To do => Once the line containing "Boxer Shorts Boxer" is located in the records below, repeat it and all lines that follow it exactly, leaving out any picture.

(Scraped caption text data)

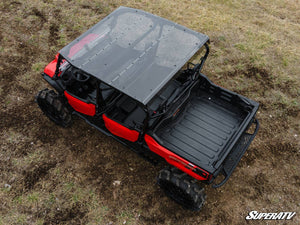 SuperATV Honda Pioneer 1000-6 Tinted Roof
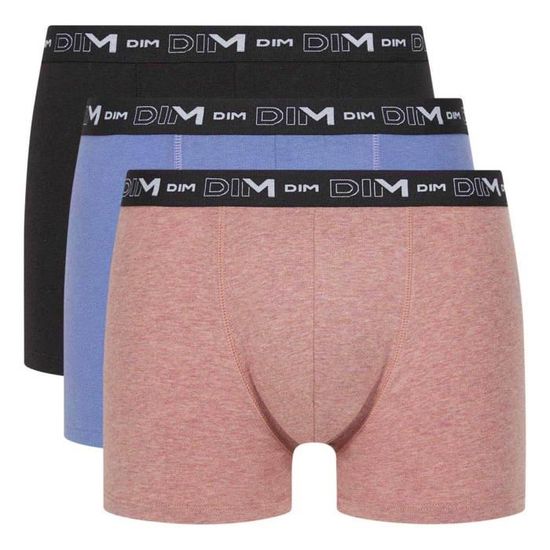 Boxer Shorts Boxer 100 Coton Homme Pack De Boxers Pour Homme 100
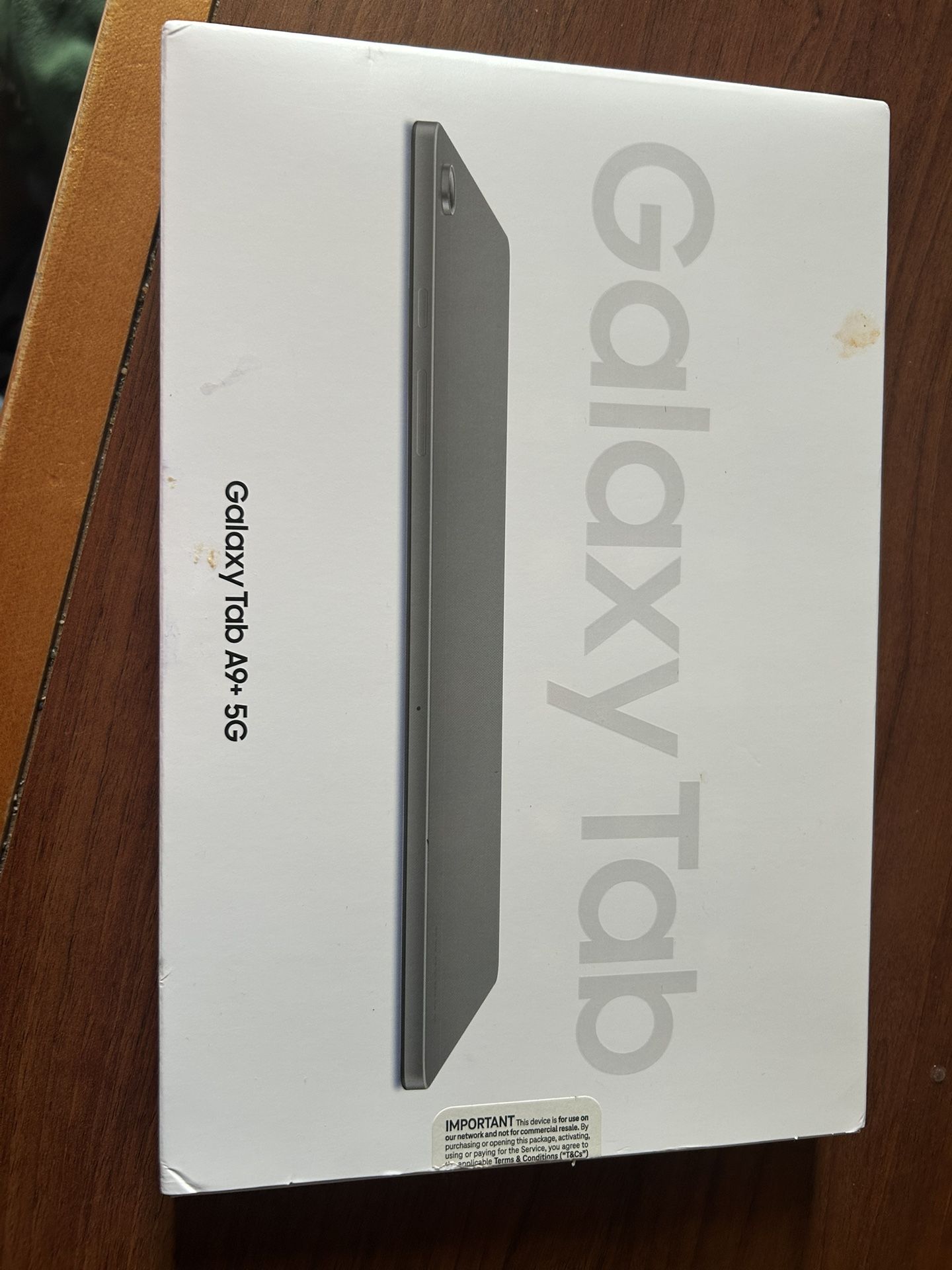 Samsung Galaxy Tab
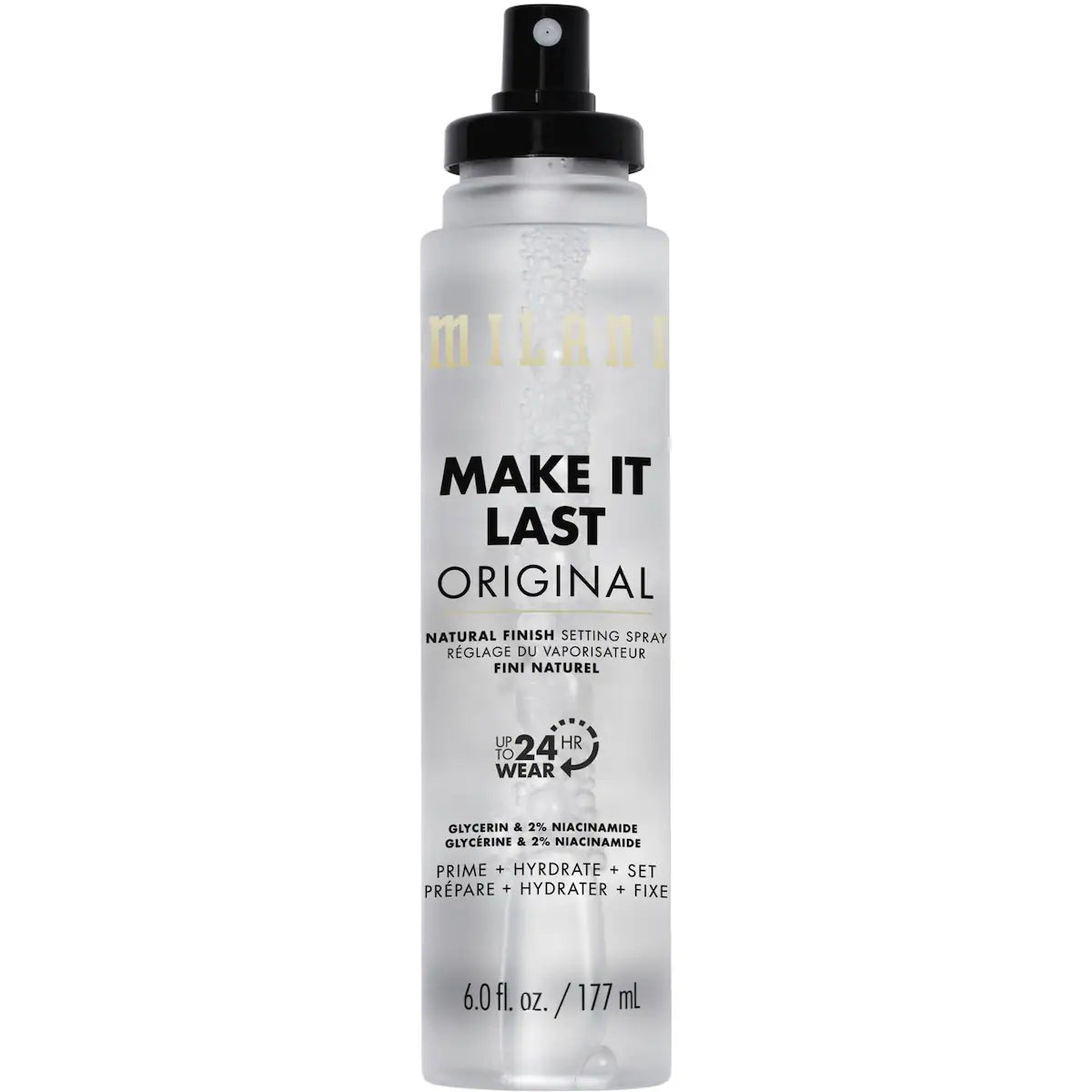 Make It Last Setting Spray Jumbo Xxl
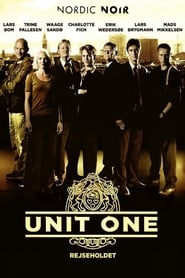 Watch Unit One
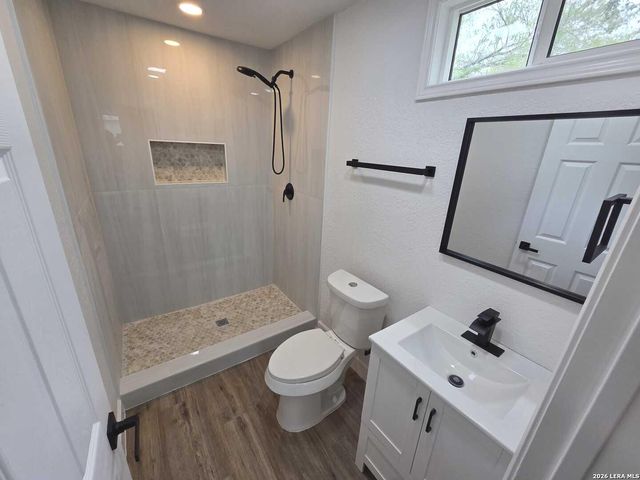 12719 SKYLINE BLVD, San Antonio, TX 78217
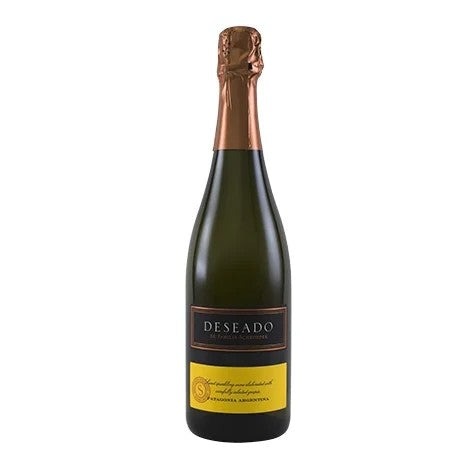 FamiliaSchroeder`Deseado`NaturalSweetSparklingN.V.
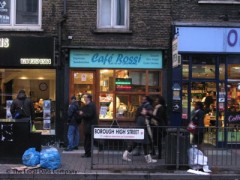 Cafe Rossi image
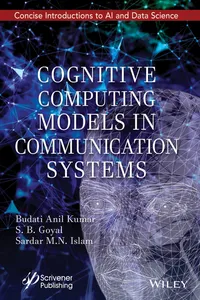 Cognitive Computing Models in Communication Systems_cover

Written solution =>
 Boxer Shorts Boxer 100 Coton Homme Pack De Boxers Pour Homme 100
 Samsung Galaxy Tab
 Make It Last Setting Spray Jumbo Xxl
 Watch Unit One
 12719 SKYLINE BLVD, San Antonio, TX 78217
 FamiliaSchroeder`Deseado`NaturalSweetSparklingN.V.
 Cafe Rossi image
 Cognitive Computing Models in Communication Systems_cover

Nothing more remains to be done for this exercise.